What prompted you to do a book on all the judges/justices of the Indiana Supreme Court?

After we finished editing the book The Governors of Indiana, we were looking for a new project. We considered doing a book on the justices of the Indiana Supreme Court but then discovered that a somewhat similar work had been published by the Court in the seventies. So we considered a book on U.S. Senators.

At the annual author fair at the Indiana Historical Society in December 2006, Chief Justice Randall Shepard, who wrote an essay in the governors book, asked us what our next project was. He told us he was very interested in having a book on the justices of the Supreme Court. And we confirmed that we could be very interested in editing such a book. He followed up with an email to us and in May of 2007 we met with the Chief Justice and his assistant Elizabeth Osborn to discuss the book. The Chief Justice pledged substantial financial support for the book and assistance in selecting authors.
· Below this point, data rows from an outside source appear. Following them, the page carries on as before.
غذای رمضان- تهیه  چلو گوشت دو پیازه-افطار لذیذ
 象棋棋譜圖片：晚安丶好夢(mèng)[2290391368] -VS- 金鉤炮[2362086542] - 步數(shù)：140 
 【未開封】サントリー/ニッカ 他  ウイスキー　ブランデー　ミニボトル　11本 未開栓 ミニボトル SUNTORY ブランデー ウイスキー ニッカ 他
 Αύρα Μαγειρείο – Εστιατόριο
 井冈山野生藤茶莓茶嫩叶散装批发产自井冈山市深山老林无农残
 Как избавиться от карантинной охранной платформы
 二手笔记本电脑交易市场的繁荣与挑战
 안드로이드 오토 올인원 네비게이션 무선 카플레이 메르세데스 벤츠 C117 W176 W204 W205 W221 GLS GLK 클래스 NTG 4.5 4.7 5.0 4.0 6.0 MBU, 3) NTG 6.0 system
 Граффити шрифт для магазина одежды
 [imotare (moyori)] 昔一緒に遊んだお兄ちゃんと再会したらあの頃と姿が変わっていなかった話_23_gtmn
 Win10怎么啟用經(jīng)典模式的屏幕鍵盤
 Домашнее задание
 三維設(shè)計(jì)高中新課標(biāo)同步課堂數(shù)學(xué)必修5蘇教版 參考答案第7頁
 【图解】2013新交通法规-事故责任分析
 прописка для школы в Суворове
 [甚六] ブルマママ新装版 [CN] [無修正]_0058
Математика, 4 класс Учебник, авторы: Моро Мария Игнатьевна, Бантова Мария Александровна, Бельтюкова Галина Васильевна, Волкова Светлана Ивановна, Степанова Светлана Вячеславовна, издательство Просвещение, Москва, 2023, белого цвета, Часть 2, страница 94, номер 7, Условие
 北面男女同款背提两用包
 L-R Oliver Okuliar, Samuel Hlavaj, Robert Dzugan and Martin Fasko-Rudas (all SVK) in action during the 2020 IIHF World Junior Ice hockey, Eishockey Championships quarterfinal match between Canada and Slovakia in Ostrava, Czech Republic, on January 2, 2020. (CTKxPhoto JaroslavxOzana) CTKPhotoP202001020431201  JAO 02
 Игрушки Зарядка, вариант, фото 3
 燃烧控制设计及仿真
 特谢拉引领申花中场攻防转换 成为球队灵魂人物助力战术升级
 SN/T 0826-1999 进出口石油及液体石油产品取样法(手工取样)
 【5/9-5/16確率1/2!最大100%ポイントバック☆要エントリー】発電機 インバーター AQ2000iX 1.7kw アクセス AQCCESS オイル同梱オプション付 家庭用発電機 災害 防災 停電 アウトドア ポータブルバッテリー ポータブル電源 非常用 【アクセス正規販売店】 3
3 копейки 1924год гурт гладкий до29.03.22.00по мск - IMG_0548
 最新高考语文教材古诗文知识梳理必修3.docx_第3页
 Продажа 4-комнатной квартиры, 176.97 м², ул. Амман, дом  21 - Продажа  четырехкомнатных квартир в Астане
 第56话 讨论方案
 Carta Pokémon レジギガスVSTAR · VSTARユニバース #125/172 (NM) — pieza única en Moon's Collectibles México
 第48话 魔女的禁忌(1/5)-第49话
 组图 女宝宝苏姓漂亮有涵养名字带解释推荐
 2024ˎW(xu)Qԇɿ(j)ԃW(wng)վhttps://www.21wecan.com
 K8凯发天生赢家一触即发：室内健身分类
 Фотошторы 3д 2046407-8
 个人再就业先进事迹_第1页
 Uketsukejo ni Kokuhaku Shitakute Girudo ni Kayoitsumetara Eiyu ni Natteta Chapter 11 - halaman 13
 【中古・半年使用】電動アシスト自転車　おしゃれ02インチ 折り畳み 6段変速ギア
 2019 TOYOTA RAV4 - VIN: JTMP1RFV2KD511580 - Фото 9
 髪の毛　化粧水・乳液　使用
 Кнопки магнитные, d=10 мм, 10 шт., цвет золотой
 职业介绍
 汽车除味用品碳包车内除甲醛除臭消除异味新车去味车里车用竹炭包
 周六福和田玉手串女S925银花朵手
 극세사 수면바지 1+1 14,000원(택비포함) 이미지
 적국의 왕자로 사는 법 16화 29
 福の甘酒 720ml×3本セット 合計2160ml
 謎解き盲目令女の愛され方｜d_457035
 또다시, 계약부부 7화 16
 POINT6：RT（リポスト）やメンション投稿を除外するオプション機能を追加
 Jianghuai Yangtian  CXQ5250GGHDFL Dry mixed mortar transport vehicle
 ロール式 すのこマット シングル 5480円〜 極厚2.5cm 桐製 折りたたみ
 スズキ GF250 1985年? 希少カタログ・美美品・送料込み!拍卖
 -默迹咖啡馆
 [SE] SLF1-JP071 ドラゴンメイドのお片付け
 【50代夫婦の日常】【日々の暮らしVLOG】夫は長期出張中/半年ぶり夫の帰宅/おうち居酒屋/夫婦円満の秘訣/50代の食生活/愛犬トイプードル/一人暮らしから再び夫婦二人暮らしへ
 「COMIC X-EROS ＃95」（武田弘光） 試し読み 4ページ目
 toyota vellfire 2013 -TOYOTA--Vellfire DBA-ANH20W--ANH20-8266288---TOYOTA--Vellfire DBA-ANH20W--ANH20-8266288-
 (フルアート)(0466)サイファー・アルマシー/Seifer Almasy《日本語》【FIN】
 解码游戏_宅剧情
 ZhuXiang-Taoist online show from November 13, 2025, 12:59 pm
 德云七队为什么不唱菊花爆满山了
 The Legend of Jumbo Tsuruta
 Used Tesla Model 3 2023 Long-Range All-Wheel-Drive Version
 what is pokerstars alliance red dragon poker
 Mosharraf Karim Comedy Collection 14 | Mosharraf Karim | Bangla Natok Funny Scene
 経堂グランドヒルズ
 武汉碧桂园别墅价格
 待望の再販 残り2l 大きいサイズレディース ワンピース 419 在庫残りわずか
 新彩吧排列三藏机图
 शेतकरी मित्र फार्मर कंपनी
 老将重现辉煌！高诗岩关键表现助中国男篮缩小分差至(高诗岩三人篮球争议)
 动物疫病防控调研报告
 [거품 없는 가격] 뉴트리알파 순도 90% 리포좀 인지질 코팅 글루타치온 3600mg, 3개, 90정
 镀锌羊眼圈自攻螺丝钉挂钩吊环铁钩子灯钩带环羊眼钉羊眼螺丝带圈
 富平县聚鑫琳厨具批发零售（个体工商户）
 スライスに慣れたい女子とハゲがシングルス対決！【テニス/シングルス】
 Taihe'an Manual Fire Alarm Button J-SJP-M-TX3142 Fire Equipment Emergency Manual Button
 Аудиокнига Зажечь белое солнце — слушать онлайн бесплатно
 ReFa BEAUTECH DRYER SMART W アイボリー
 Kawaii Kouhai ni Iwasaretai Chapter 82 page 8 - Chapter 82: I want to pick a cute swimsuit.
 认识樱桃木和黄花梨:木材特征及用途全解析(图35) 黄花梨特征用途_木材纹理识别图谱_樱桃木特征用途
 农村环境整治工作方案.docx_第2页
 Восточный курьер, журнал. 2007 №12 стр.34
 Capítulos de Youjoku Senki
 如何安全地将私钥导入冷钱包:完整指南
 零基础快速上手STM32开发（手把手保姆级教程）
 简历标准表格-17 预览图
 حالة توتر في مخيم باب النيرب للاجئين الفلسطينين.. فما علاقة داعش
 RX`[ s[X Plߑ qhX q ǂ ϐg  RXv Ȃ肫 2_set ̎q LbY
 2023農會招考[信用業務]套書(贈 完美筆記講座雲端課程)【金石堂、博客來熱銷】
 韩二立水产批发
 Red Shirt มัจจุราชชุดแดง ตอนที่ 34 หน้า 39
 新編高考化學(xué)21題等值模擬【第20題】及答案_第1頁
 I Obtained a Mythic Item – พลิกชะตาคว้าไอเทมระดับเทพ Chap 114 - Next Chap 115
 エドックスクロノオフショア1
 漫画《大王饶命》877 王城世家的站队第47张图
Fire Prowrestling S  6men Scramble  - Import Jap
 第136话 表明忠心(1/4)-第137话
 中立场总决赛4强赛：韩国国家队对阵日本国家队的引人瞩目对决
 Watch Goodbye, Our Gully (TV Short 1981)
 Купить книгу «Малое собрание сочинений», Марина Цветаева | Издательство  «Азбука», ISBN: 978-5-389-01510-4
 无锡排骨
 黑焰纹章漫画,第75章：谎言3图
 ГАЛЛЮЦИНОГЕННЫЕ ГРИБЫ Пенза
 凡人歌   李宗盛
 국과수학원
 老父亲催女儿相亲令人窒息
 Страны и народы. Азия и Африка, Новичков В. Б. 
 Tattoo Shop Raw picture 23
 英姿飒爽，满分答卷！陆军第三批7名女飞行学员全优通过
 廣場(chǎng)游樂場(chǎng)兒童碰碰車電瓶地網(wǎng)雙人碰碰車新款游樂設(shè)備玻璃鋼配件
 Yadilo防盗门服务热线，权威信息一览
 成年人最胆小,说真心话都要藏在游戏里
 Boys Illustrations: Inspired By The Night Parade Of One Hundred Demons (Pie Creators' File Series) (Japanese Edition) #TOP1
How did you go about recruiting authors?

Chief Justice Shepard and Elizabeth Osborn were very helpful in our efforts to recruit authors. They identified authors for almost every justice based on their geographic closeness to the subject’s home region or because he or she previously wrote about the justice. The Chief Justice sent a letter in December 2007 to the tentatively identified authors asking their participation in the project. We followed up with letters in January 2008 proposing a subject or subjects for each author and asking them to confirm their willingness to contribute one or more essays.

About 70 percent of the people on the original list that the Chief Justice proposed agreed to participate. We recruited the remaining authors in a variety of ways, including asking colleagues at IU Southeast, inviting some authors who had contributed to the governors book, asking authors who could not participate to recommend someone else, and soliciting suggestions from logical sources in the same home region as the subject. In a few cases people with a strong interest in the subject contacted us to express their interest.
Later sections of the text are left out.